Als wahrscheinlich gilt, dass die Fachpolitikerin und EU-Abgeordnete Christine Schneider das Ministerium für Landwirtschaft und Umwelt übernimmt. Auch der derzeitige Parlamentarische Geschäftsführer der Landtagsfraktion, Marcus Klein, wird voraussichtlich ein Ministeramt übernehmen.
Was macht Alexander Schweitzer?
Gerüchte gibt es, dazu gehören der Fraktions- und der Parteivorsitz. Er selbst sagt noch nichts. Er war zwar der Verhandlungsführer der SPD und hat dabei auch mit dem designierten Ministerpräsidenten Gordon Schnieder (CDU) unter vier Augen gesprochen. Der Pfälzer hatte aber bereits vor der Wahl ausgeschlossen, in ein Kabinett Schnieder einzutreten. Beim außerordentlichen Parteitag am vergangenen Samstag deutete der 52-Jährige an, dass in dieser Woche mehr bekannt wird.
Wer wird stellvertretender Regierungschef oder -chefin?
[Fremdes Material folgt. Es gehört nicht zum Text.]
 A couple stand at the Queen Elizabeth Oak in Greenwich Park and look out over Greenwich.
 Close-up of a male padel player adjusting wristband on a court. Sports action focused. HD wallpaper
Auch das ist noch offen. Als wahrscheinlich gilt SPD-Parteichefin Bätzing-Lichtenthäler, wenn sie dem Kabinett angehört. Sie war auch Teil der Verhandlungsgruppe für den Koalitionsvertrag.
Wer führt die Fraktionen an?
Anders als die Oppositionsfraktionen von AfD und Grünen brauchen die künftigen Regierungsparteien noch einen Fraktionschef für die neue Wahlperiode. Die SPD wählt voraussichtlich diese Woche. Die CDU will um den 18. Mai herum wählen.
Gibt es weitere Reaktionen auf den Koalitionsvertrag?
Die Unternehmerverbände sehen an vielen Stellen "eine wirtschaftspolitische Handschrift im Sinne unserer Forderung "Wirtschaft first"", lobt Hauptgeschäftsführer Karsten Tacke. Kritisch sieht er das "bürokratiegeladene Landestariftreuegesetz".
Viel Lob, aber auch Kritik kommt von der kommunalen Initiative "Jetzt reden wir". Sie vermisst eine verbindliche Umsetzung des Konnexitätsprinzips (wer bestellt, bezahlt), einheitliche Förderrichtlinien über alle Ministerien hinweg und Soforthilfen für die Sozial- und Jugendhilfeträger.
Der Verband kommunaler Unternehmer lobt den geplanten Ausbau der erneuerbaren Energien auf einen jährlichen Zuwachs von 1.500 Megawatt (das seien etwa 200 Windenergieanlagen) als "ambitioniert". Er vermisst aber klare Regelungen bei der Wasser-, Abwasserentsorgung und Abfallwirtschaft.